Oleh and his family left Mariupol on January 26, first to Zaporizhzhya, then to Dnipro. But his former wife with an invalid son and mother-in-law remained in the city.
"On January 6 or 7, I arrived in Zaporizhzhya, where a convoy was being formed. We were supposed to go to Mariupol, but we were turned back in the area of Vasilivka. I decided to go on my own without the convoy and agreements. I called my acquaintance in Berdiansk, who had already travelled to Mariupol. He told me how to go. Three cars maximum. 16 checkpoints. On January 24, I managed to get to Mariupol myself.
I'm travelling in the middle of nowhere. There are anti-tank hedgehogs. People with weapons. I saw the occupiers for the first time. They stopped me. A tank was burning, it was not clear whose. A young fellow traveller started taking selfies. I shouted: ‘Faster!’. We drove 2 km and there was a terrible explosion. It was a tank.
Mariupol. My mother's house is open. I took her photo. She was already dead. I went to my ex-wife's place. There were wires, sparks, some piles... I realised that these were dead people, they were covered with rags.

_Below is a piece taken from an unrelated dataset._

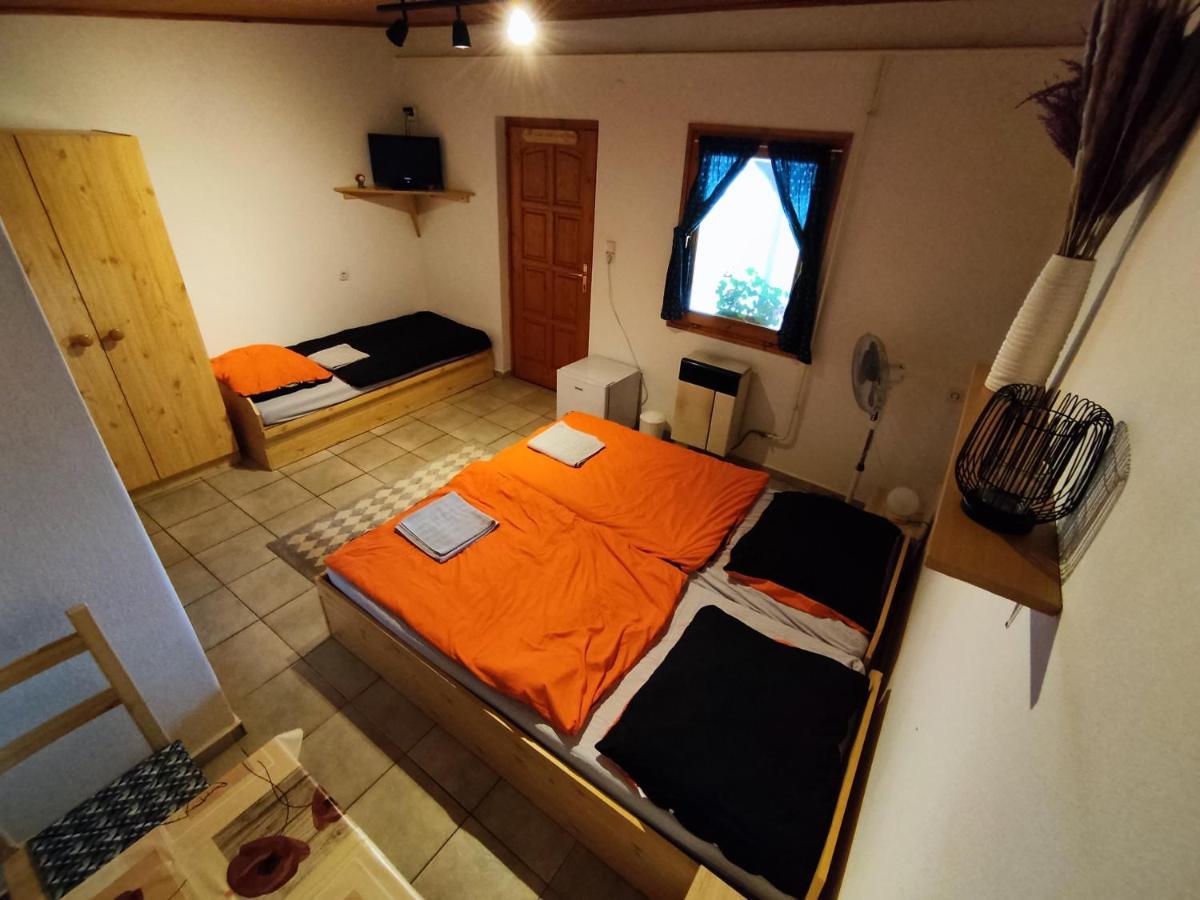 Ferienwohnung Suello Feszek Apartman Tiszafüred Exterior foto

A shoe stuck out of the pile. I was in shock.
The neighbouring house, number 26, is burning down. Mine seems to be intact. I took some food. I open the trunk. People come out of the basements. One, two, three, four... I ask where the woman and the child are. ‘On the fifth floor.’ I go upstairs and jump over the hole in the staircase. Their eyes are indescribable! How do you leave an apartment? The fur coats, the TV. I gave them 5 minutes,' said Oleh, a resident of Mariupol.